I have a sequence 'Master Sequence' with a bunch of linked sequences in it. See Picture 1. I 'linked' these sequences by dragging and dropping the sequences into my 'Master Sequence.' I'm now trying to export an AAF file for audio editing, but when I do this, I only get 1 audio track. The individual tracks from the sequences are not exported. See picture 2. Is there a way to expand these 'linked' sequences so that when they appear in the master sequence, they appear with all their individual audio/video tracks, instead of the 1 audio/video track like I have now?
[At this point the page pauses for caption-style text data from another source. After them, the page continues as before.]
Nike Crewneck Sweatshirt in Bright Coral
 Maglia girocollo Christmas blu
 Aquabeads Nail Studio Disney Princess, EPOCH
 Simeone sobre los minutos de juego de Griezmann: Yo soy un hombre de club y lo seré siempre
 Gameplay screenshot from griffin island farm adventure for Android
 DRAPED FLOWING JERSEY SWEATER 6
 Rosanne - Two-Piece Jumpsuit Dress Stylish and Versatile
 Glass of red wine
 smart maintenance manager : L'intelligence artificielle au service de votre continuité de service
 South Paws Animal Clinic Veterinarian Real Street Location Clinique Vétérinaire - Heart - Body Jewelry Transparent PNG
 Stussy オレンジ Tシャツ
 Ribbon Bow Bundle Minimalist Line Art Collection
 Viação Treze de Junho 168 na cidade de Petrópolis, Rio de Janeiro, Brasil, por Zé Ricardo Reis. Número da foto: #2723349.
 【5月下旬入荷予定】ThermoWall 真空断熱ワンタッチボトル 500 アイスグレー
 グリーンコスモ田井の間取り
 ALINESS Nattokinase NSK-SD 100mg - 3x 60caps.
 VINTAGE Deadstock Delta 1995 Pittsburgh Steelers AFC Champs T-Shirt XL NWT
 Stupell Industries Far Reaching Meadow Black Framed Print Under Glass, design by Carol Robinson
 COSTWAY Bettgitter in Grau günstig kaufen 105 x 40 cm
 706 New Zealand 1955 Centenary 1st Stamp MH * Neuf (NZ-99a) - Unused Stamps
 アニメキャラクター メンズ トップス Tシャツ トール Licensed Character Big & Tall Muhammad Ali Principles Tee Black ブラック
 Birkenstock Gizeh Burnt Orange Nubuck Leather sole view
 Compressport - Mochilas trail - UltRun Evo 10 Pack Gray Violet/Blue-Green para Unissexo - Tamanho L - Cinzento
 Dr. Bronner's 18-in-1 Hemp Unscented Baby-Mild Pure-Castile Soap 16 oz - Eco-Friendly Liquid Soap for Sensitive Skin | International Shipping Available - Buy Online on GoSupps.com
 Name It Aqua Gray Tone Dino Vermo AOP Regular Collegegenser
Not sure the best way to go about this. I'm just trying to create an AAF file with all my individual tracks from each sequence without exporting an AAF for each sequence (as this wouldn't give my audio engineer the placement of each sequence relative to one another).
Copy link to clipboard
You can't use 'nested' audio in an AAF ... there's information on that in the marvelous new document, the Adobe Long-form and Episodic Best Practices Guide which has a great table of contents so you can find what you need quickly for this.
Which is on page 118, Audio Turnover Steps ... and it tells how to prep the sequence for making an AAF.
Hey Neil, thanks for the reply. My main question is not how to export the AAF but how to handle the nested sequence. I don't have an option to un-nest the sequence. So how can I unnest the sequence?
Sorry for the misunderstanding. There is no unnest option I'm aware of. You have to use copy/paste to get the tracks back into the main sequence as separate tracks once more. I hope that helps.
First thing, is duplicate and rename the nested sequence. Then 'fix' the dupe.
When on the timeline, if you tap F, you get the "source" clip open in the Source monitor. That's the process used to get to the start point for all the clips in the nest. If you can easily see where the next clip occurs, if you mark an 'out' on the timeline at the change, and at the beginning of it hit F, you can do a 3-point replacement where the app selects the right length of the clip, replacing what's on the current timeline.
It's a bit of a pain to 'un-nest', which really is just recreating the sequence from the original frames.
Thanks, Neil. That is kind of a cool workflow. I wonder which is faster or better? Let us know, jace. 🙂
It's a suggestion by Jarle, of course ... as because there are times we do need to 'de-nest', and it's a right pain. This just makes it a little bit faster. And it may just get you used to doing 3-point replacements, which is a good thing for speeding up the workflow, right?
Woah thanks guys, that's a huge help. I appreciate it!